Poet, performer and pretty cheeky' according to one fan, Patti Smith gave an enthusiastic, sell-out crowd at Ulverston's Coronation Hall an intimate insight into the last four decades of rock in this first official electric night' of the European tour of her new rock tribute CD 'twelve'.

Dressed in high boots, a long white shirt and a dark jacket, Smith danced, stomped and dropped to her knees on the faded Persian rugs laid out on the stage as she told stories, sang ballads and retreated to her rock roots.

Weaving tales of her visit earlier that day to Wordsworth's Dove Cottage, with real and imagined encounters with its inhabitants, Patti Smith demonstrated both her talent as a wordsmith and her prowess as a performer.
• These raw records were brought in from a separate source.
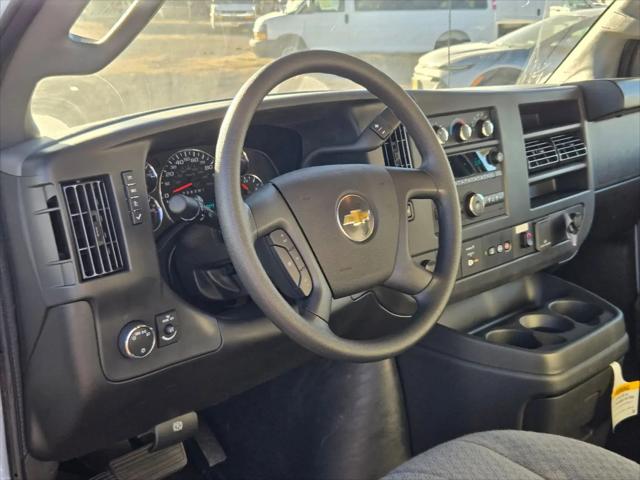 2025 Chevrolet Express Cutaway Work Van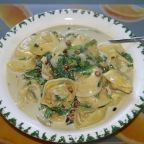 Tortelloni in Zedernsahne mit Spinat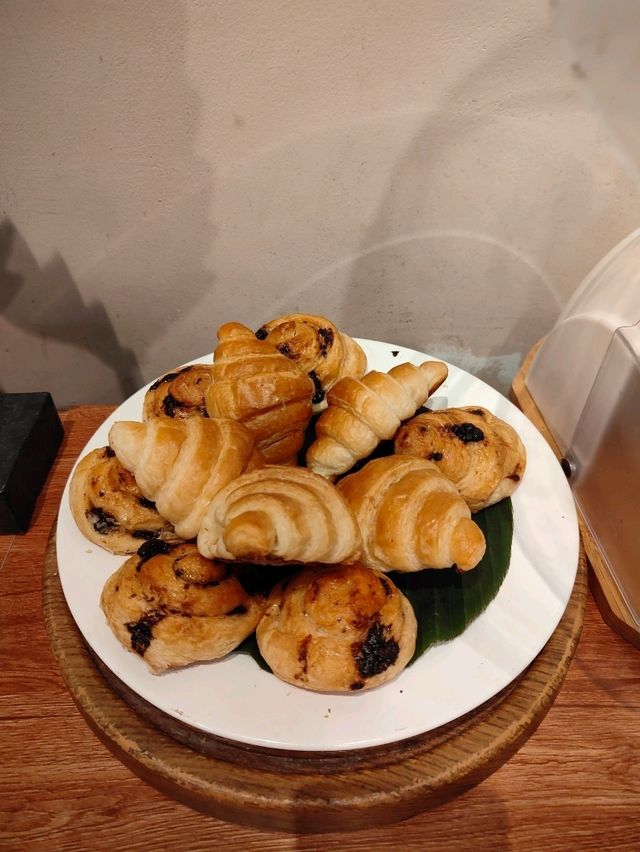 🍽️ Udupi Breakfast Elegance at Sunshine Hotel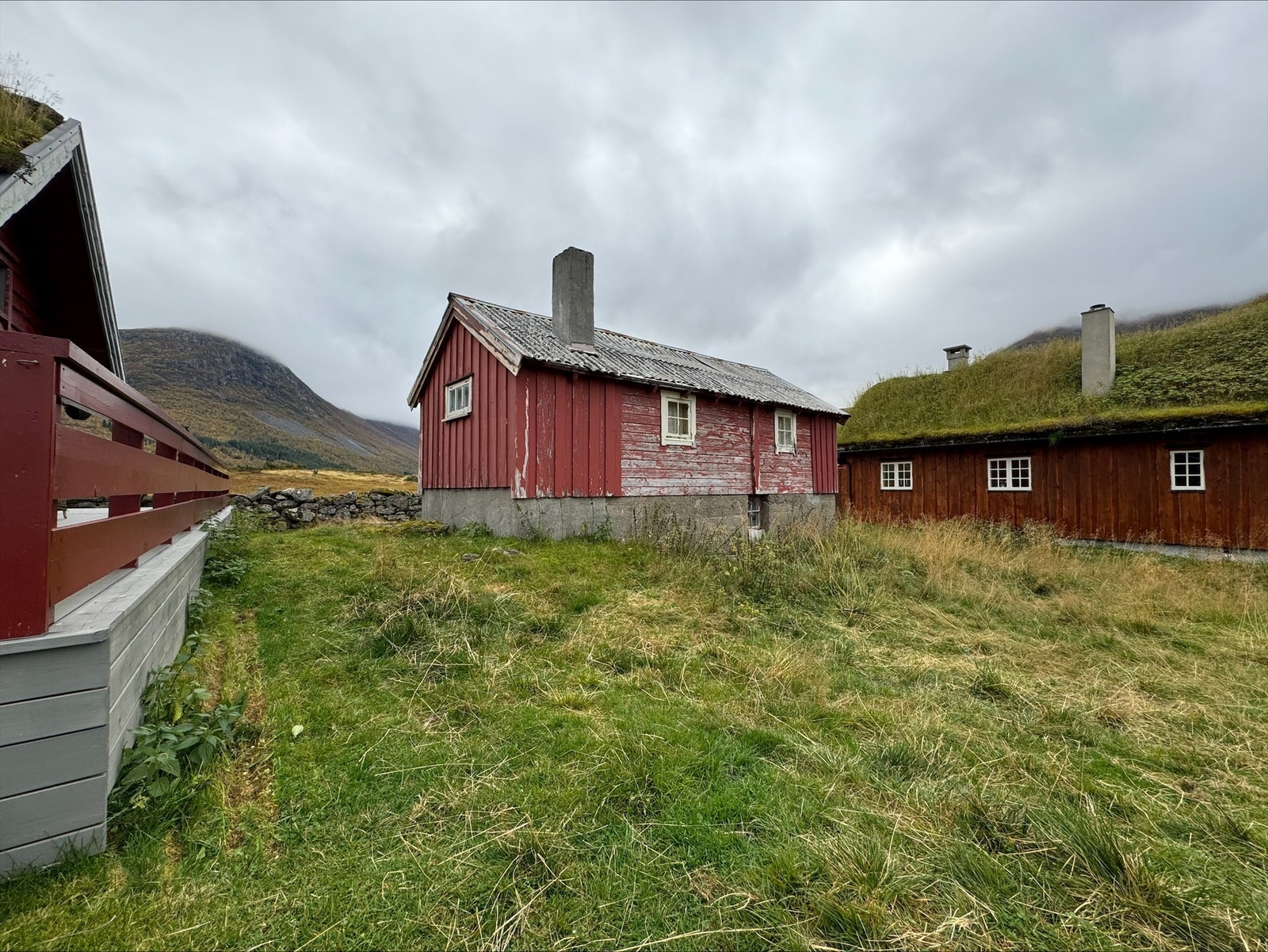Enkel bygning som står foran renovering. Det er ikke innlagt strøm. Tilkoblingspunkt for vann og avløp ved tomtegrense. Galleribilde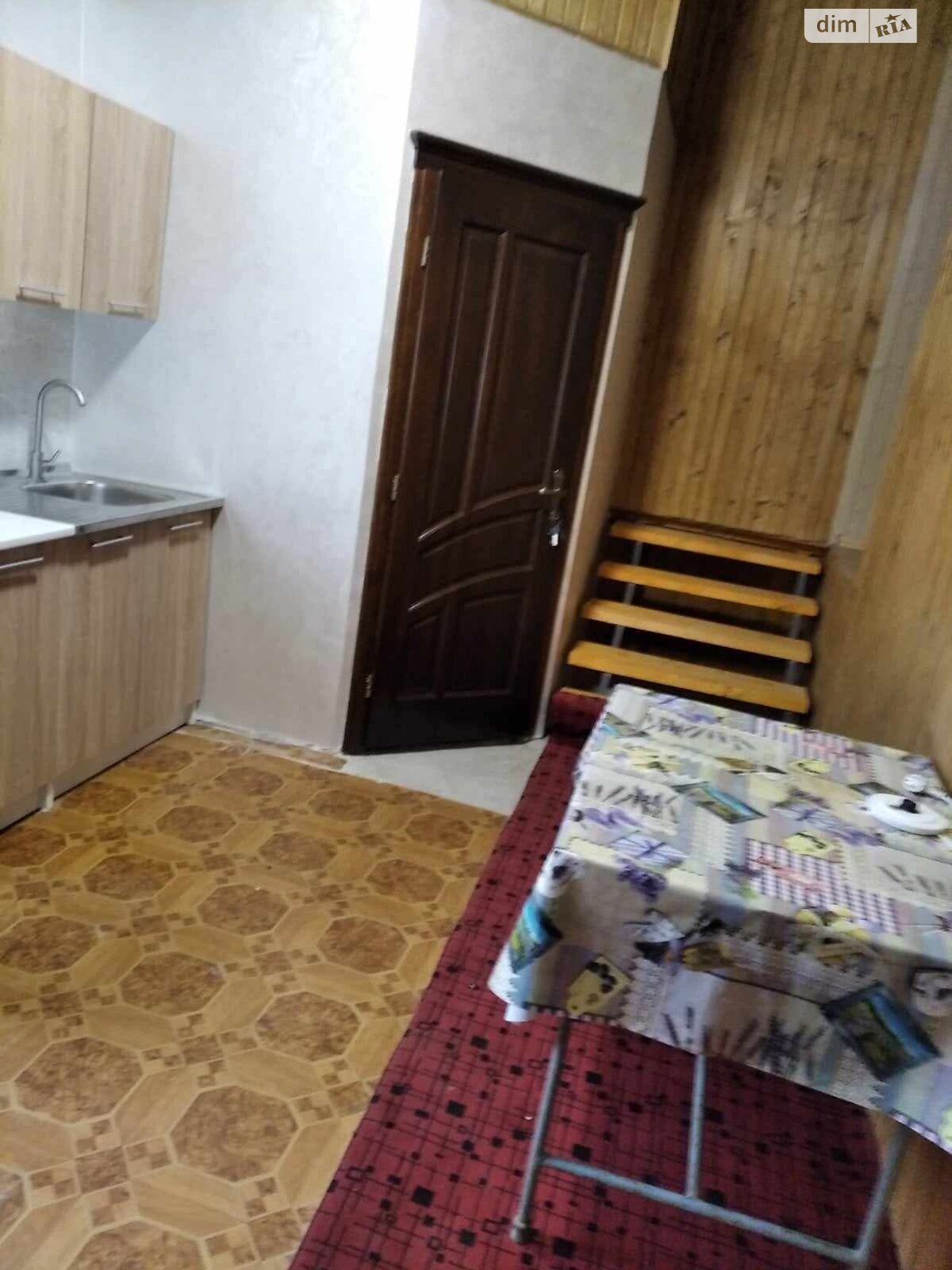 двоповерховий будинок з гаражем, 190 кв. м, кирпич. Продаж в Мукачеві, район Центр фото 1 двоповерховий будинок з гаражем, 190 кв. м, кирпич. Продаж в Мукачеві, район Центр фото 1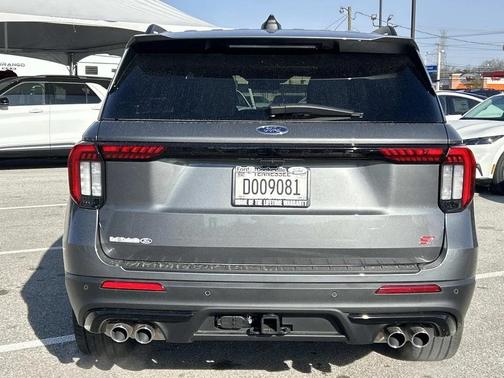 Carbonized Gray Metallic 2026 Ford Explorer ST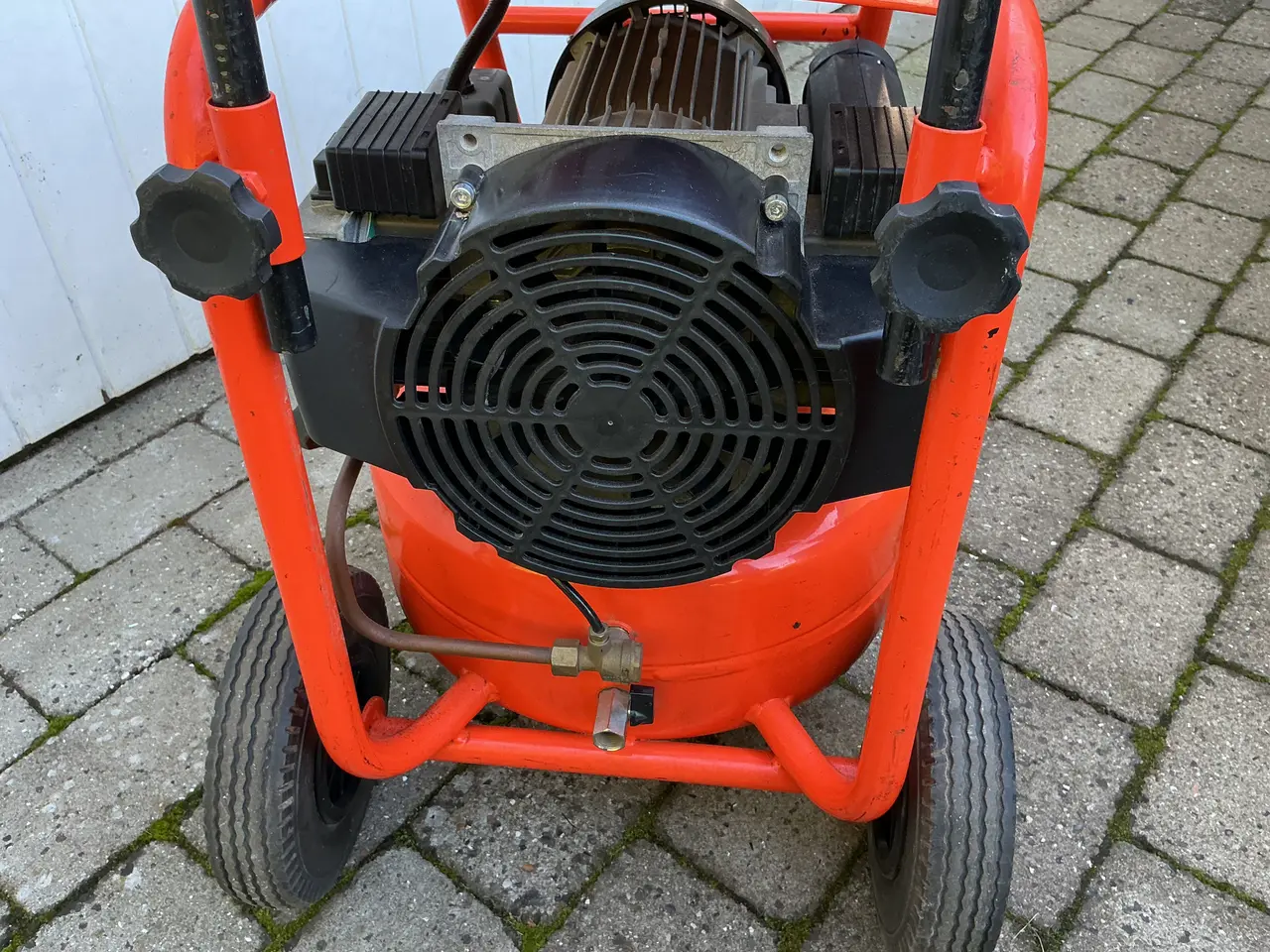 Billede 4 - Kompressor-transportabel-330 L/MIN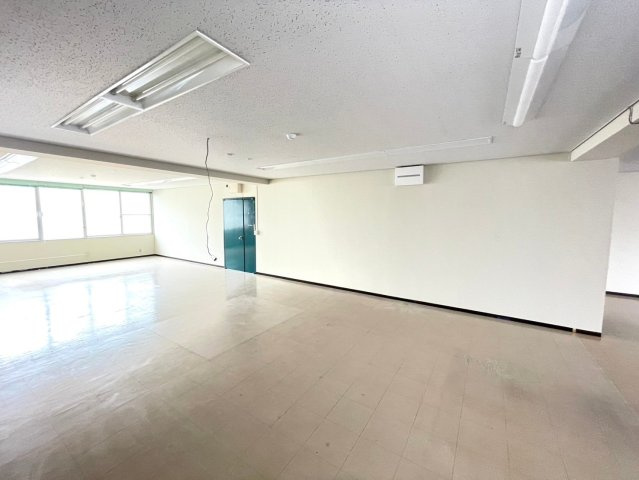 アテックビルの内装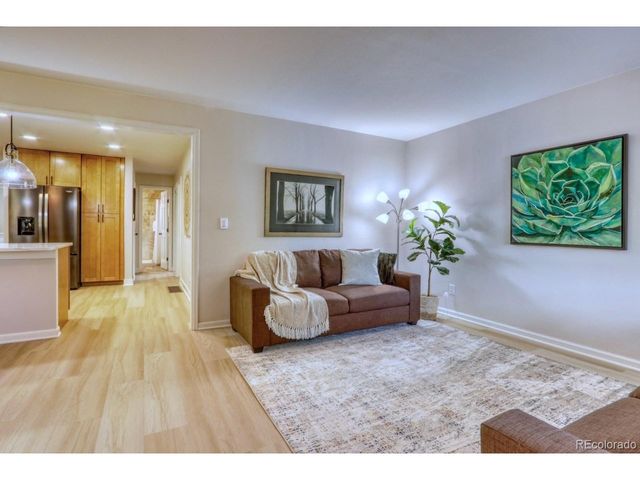 805 Perry St, Denver, CO 80204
Her vocal interpretation of each song became the focal point of a performance, a vocal documentary of the last four decades of rock.

At times her clarinet was slung recklessly over her shoulder, seemingly abandoned, only to be suddenly cradled between her lips producing delicate sounds, as she took us through some carefully selected songs from 'twelve'.

Her musical tour included Jimi Hendrix's Are You Experienced?, which she originally recorded live at Electric Lady Studios, where she met Jimi Hendrix briefly on the steps in 1970, to George Harrison's Within You Without You, which she describes in the CD's booklet as a musical landscape both strange and spiritually stimulating', an apt description for both her concert and the album.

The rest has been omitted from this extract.